If a friend asked you “to get her tart lemons, sour lemons, or sour fruit from Mexico,” you might well think her list of terms perplexing: You might puzzle over the difference between tart and sour lemons, and wonder why she had specifically mentioned lemons when she apparently would be happy with sour fruit of any kind. But of one thing, you would have no doubt: Your friend wants some produce from Mexico; it would not do to get her, say, sour lemons from Vietnam. However weird the way she listed fruits—or the way [the statute in question] lists offenses—the modifying clause still refers to them all.

Then Kagan instructs readers to “pick up a journal, or a book, or for that matter a Supreme Court opinion” and look for “sentences having the same structure of the statutory provision at issue here.” You’ll quickly discover that “the series-qualifier principle works.” Just in case you’re “too busy to carry out this homework assignment,” the justice does the work for you, listing five recent Supreme Court opinions that follow the series-qualifier principle.

Kagan also sneaks in a bit of legislative history to prove her point, which Scalia would never have countenanced. But her closing argument essentially paraphrases Scalia’s comment during oral arguments that the rule of lenity—which dictates that an ambiguous criminal law should be resolved in favor of the defendant—should apply here. “At the very least,” Kagan writes, the rule of lenity “should tip the scales in Lockhart’s favor,” because the majority does not “unambiguously” demonstrate that the critical clause does not apply to all three crimes. “But in fact,” she concludes, “Lockhart’s case is stronger”:

Consider the following sentence, summarizing various points made above: “The series-qualifier principle, the legislative history, and the rule of lenity discussed in this opinion all point in the same direction.” Now answer the following question: Has only the rule of lenity been discussed in this opinion, or have the series-qualifier principle and the legislative history been discussed as well? Even had you not read the preceding 16-plus pages, you would know the right answer—because of the ordinary way all of us use language. That, in the end, is why Lockhart should win.

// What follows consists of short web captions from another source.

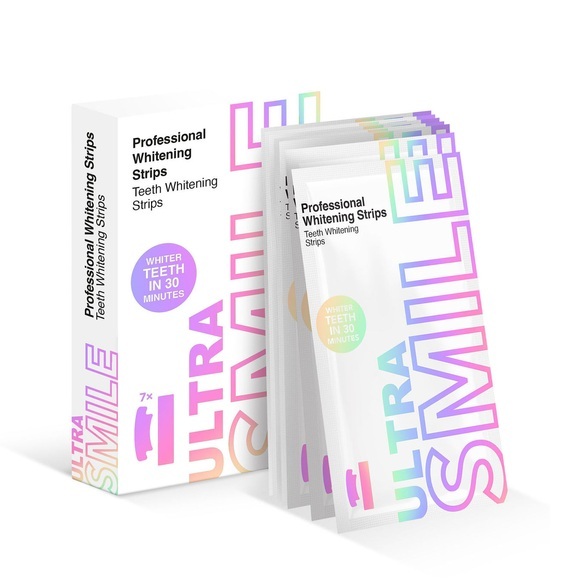 UltraSmile Professional Whitening Strips (7x2 Stück)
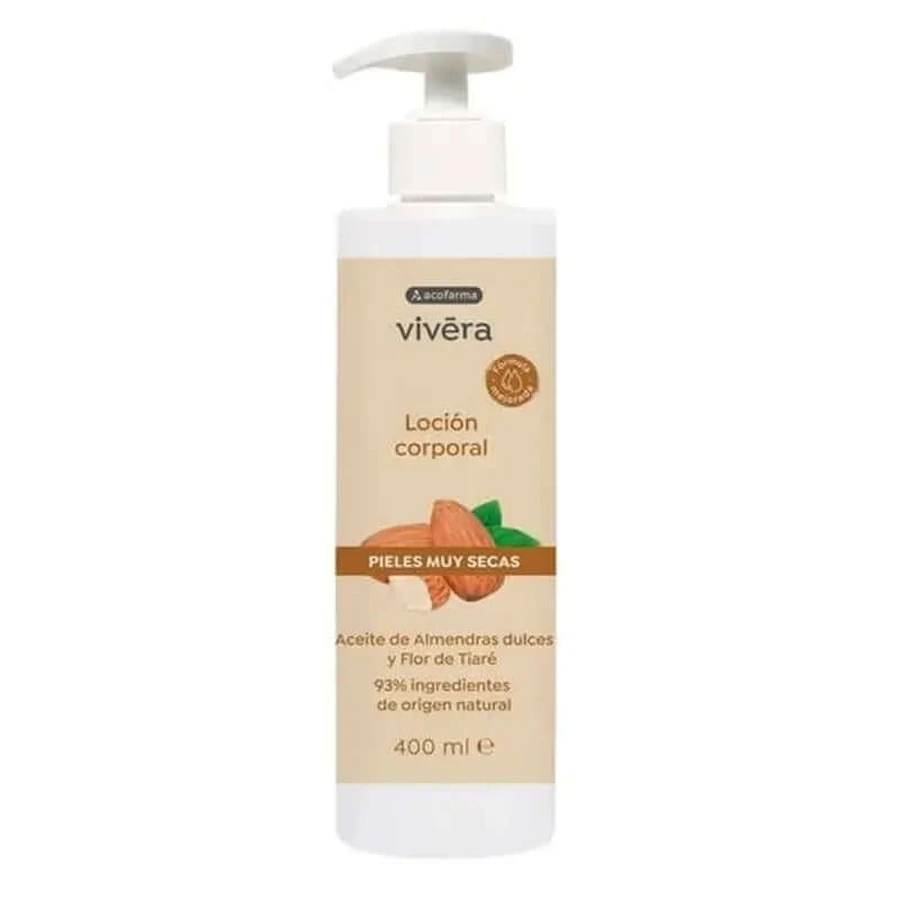 Acofar Derm Almond Moisturizing Body Cream 400 ml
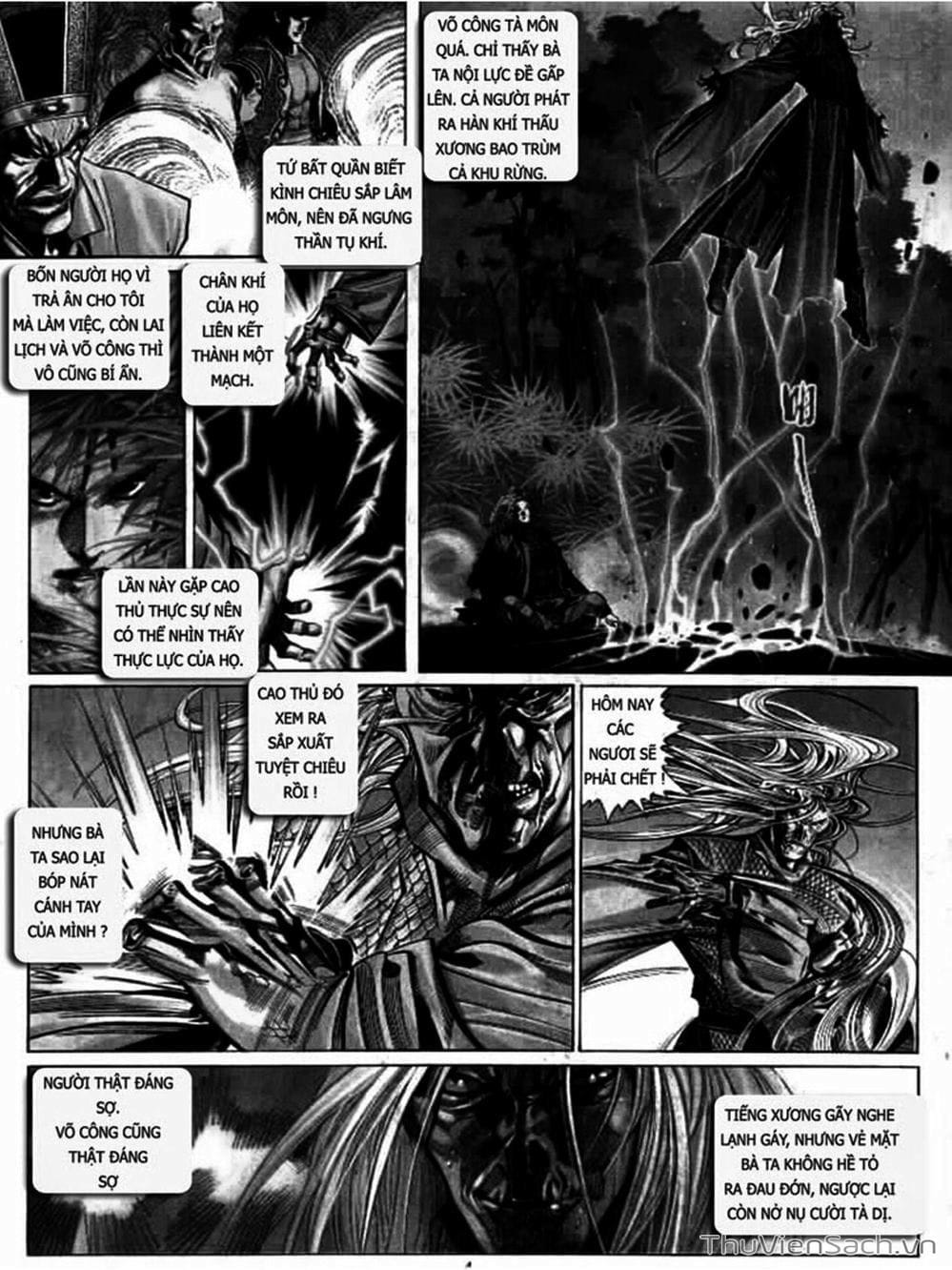 Truyện Tranh Phong Vân Manhua trang 3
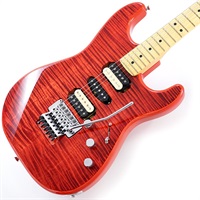 Michiya Haruhata Stratocaster(Transparent Pink)[春畑道哉（TUBE）日本製シグネイチャーストラトキャスター]  【旧価格品】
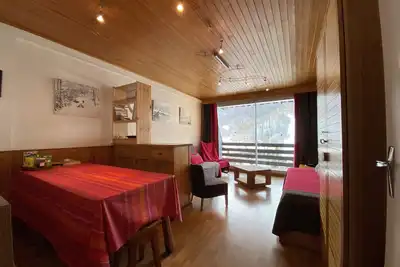 Image de serre chevalier 1350 appart plein sud 6 personnes 150 mètres des pistes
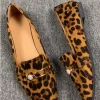 Mocassin léopard stylé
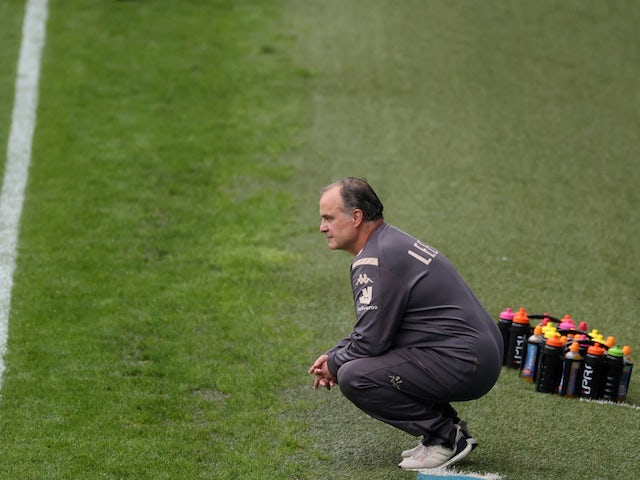 Marcelo Bielsa rejects PL talk despite moving to within one point of promotion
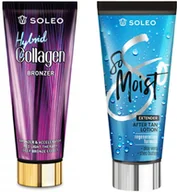 Balsamy i kremy do opalania - Soleo Hybrid Collagen + So Moist Po Opalaniu Gratis - miniaturka - grafika 1
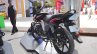 TVS Stryker 125 rear three quarters left at the Nepal Auto Show 2017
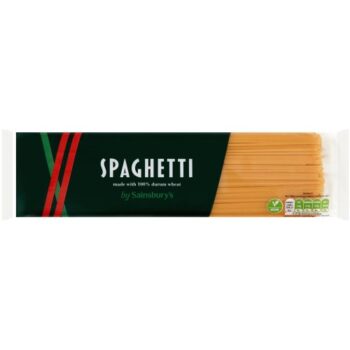 Sainsbury's Spaghetti Pasta (500g)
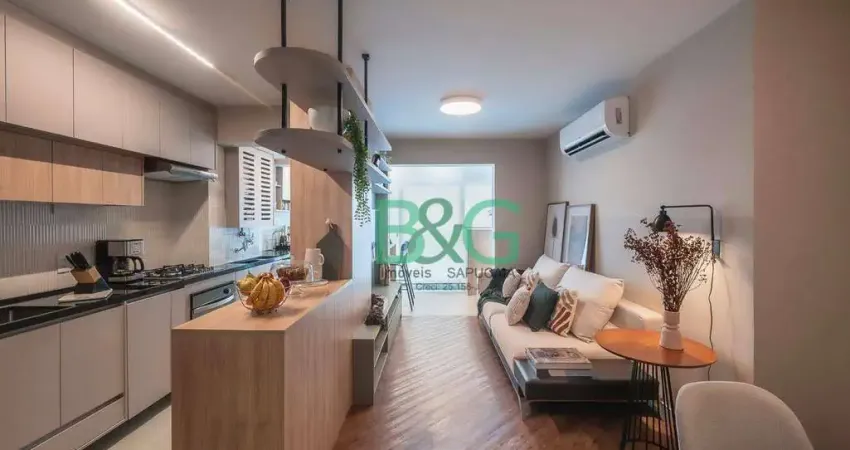 Apartamento com 2 dormitórios à venda, 67 m² por R$ 920.000 - Alto da Lapa - São Paulo/SP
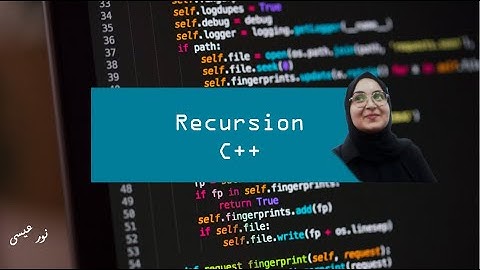 Recursion Simplified: Understanding Recursive Algorithms | الخوارزميات التكرارية بالعربي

Lockhart is a minor case about an obscure law. But Kagan uses small cases to lay out her judicial philosophy with wit and pizzazz—just look at her Dr. Seuss–citing fish dissent from last term. It’s a shame her good friend Nino didn’t live to see this opinion come down, though it’s rather sweet to think of him reading the early drafts with a nod of approval.

No justice pushed harder to make the court interpret statutes in accordance with “the ordinary way all of us use language.” When politics got in the way, Scalia occasionally took this idea to absurd extremes, losing sight of his own textualist principles. But for the most part, he moved the court toward a surprisingly populist interpretive philosophy that valued common sense over arcane theorizing. Now it appears that Kagan has decided to assume that mantle. And her clever, spirited Lockhart dissent proves she is more than qualified for the job.